DIRECTIONS FOR THIS TASK:
Find and copy the lines in the records beneath this task that contain the word "Boho".

===== DATA EXTRACTS

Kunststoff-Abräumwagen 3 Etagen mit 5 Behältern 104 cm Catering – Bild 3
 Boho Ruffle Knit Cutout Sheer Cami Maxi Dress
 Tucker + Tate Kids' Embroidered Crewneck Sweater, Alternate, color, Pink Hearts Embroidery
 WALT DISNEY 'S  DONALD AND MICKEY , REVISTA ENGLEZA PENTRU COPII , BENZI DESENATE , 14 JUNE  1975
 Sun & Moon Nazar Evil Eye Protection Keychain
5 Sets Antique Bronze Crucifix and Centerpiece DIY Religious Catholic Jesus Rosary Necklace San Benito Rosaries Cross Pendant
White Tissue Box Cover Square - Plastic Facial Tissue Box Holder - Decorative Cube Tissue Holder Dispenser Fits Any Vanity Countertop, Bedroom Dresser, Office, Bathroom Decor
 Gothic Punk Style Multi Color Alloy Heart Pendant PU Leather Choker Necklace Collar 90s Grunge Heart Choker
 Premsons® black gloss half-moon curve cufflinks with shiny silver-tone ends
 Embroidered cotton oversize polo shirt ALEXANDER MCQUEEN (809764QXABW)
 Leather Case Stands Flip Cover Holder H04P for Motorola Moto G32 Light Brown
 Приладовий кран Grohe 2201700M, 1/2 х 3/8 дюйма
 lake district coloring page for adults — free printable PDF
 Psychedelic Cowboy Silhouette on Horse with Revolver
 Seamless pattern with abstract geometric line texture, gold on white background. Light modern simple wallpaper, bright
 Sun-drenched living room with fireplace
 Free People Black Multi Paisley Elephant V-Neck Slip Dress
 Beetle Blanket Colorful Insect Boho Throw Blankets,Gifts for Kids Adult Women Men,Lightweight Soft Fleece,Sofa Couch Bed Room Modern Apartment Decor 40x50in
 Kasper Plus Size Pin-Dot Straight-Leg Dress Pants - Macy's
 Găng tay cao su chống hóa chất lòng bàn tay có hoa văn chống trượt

==========

TASK ANSWER:
 Boho Ruffle Knit Cutout Sheer Cami Maxi Dress
 Beetle Blanket Colorful Insect Boho Throw Blankets,Gifts for Kids Adult Women Men,Lightweight Soft Fleece,Sofa Couch Bed Room Modern Apartment Decor 40x50in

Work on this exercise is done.